* _The data_:
++++++

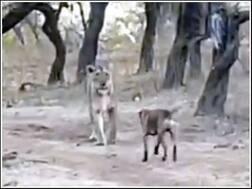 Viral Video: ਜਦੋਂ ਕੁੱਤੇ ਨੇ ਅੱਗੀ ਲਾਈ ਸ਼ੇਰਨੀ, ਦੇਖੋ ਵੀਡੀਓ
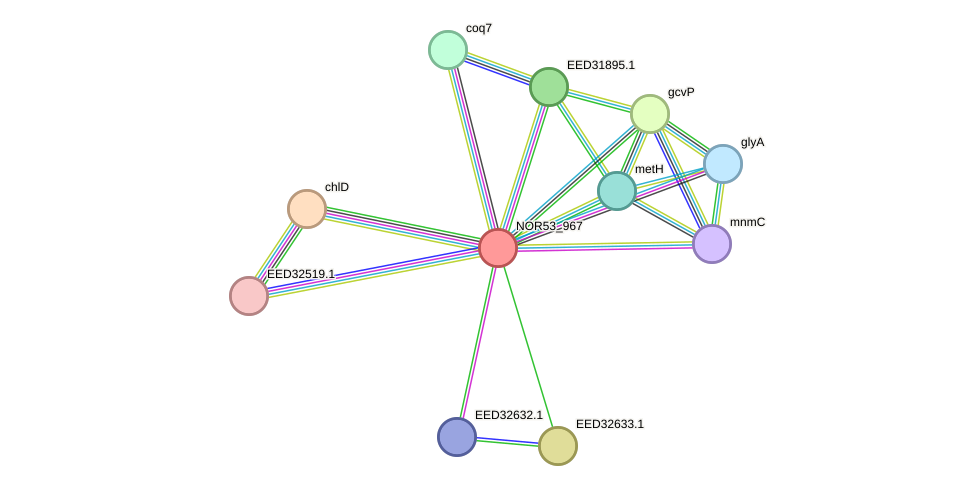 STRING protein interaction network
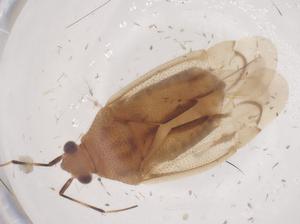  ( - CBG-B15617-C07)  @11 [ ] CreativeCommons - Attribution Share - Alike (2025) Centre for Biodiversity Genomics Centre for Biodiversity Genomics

++++++

* _What you have to do_: Everything in the data except the pictures must be retyped exactly.

* _Exercise result_:
 Viral Video: ਜਦੋਂ ਕੁੱਤੇ ਨੇ ਅੱਗੀ ਲਾਈ ਸ਼ੇਰਨੀ, ਦੇਖੋ ਵੀਡੀਓ
 STRING protein interaction network
  ( - CBG-B15617-C07)  @11 [ ] CreativeCommons - Attribution Share - Alike (2025) Centre for Biodiversity Genomics Centre for Biodiversity Genomics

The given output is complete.